3- Using the if conditional with ( condition < 9*ncol(subset) ), which I thought would give the result (if any of them is not missing/9 it will be less than 9*ncol), but again R sees it as integer(0) and nothing changes.

4- Trying to find where the result is "zero" won't work because the code I wrote in the beginning gives the same result for the missing data "9"s as well (zero). I only want the missing results out of the counter.

If anybody can help regarding this issue, it will be highly appreciated. As stackoverflow wants to keep comment section clean from thank messages, I want to say thanks to everybody in advance.

CodePudding user response：

As I understand, you want to count the number of rows where there is at least one value different to 9.

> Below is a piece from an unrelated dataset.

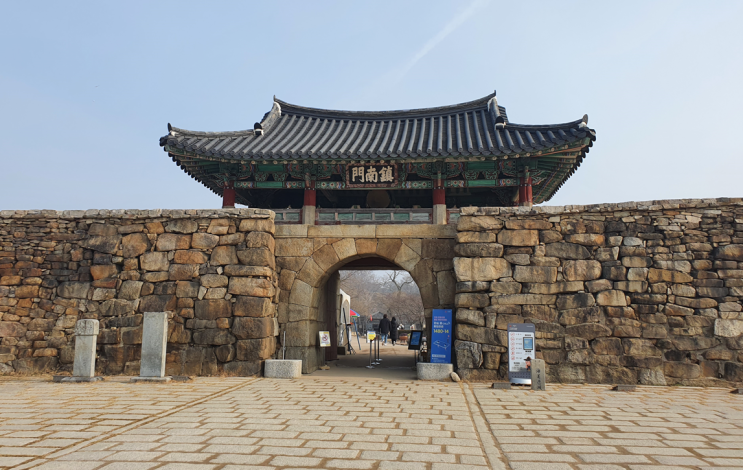  서산 해미읍성, 생각보다 괜찮은데?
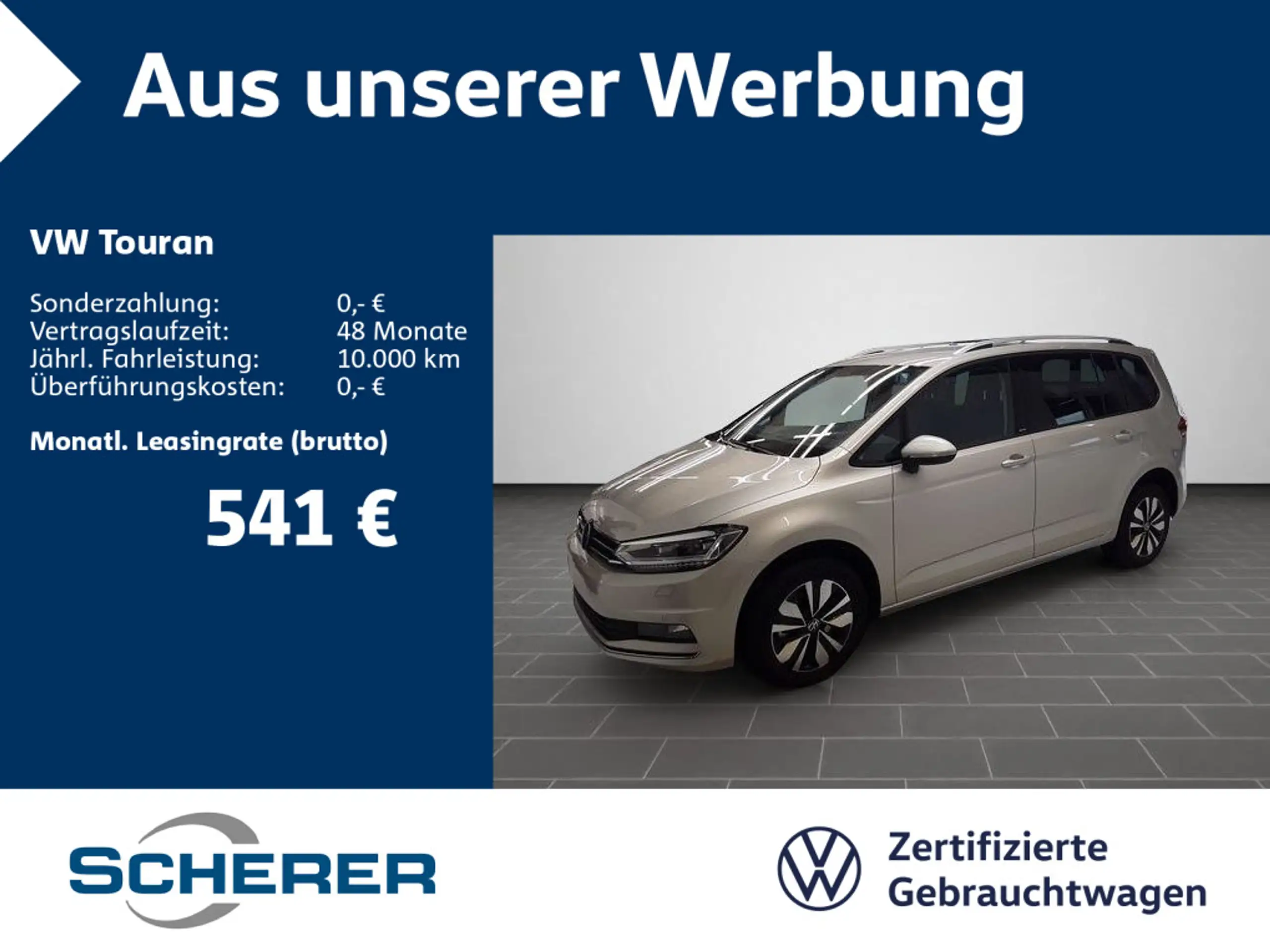 Volkswagen - Touran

You can do this with dplyr like this:

library(dplyr)

# Your provided data
subset %>% 
  filter(if_any(everything(), ~ .x != 9)) %>% 
  nrow()
#> [1] 6

^{Created on 2022-05-29 by the reprex package (v2.0.1)}

Explaination

In filter(if_any(everything(), ~ .x != 9)), filter() removes the rows where at least one value is not equal to 9. After, we just count the rows.

CodePudding user response：

That's the option I find the easiest to understand. You can create an additional column counter with value based on the other variables. The case_when function checks values of your columns and if it finds a 9, it puts a 0 in the counter column. If it doesn't find a 9 in any of your columns, it returns a 1. You can then sum your counter column to check the overall number of rows without nines.

library(dplyr)
subset <- as.data.frame(matrix(c(9, 9, 9, 0, 2, 9, 0, 9, 9, 1, 0, 2, 9, 9, 9, 0, 0, 0, 2, 2, 2, 1, 1, 1), ncol = 3, byrow = T))
subset <- subset %>%
  mutate(counter = case_when(
    V1 == 9 ~ 0,
    V2 == 9 ~ 0,
    V3 == 9 ~ 0,
    TRUE ~ 1
  ))
number_of_full_rows <- sum(subset$counter)

If you're sure you understand the basic version, you can shorten it so you don't have to name all of your columns.

library(dplyr)
subset <- as.data.frame(matrix(c(9, 9, 9, 0, 2, 9, 0, 9, 9, 1, 0, 2, 9, 9, 9, 0, 0, 0, 2, 2, 2, 1, 1, 1), ncol = 3, byrow = T))
subset <- subset %>%
  mutate(counter = case_when(
    if_any(.fns = ~ .x == 9) ~ 0,
    TRUE ~ 1
  ))
number_of_full_rows <- sum(subset$counter)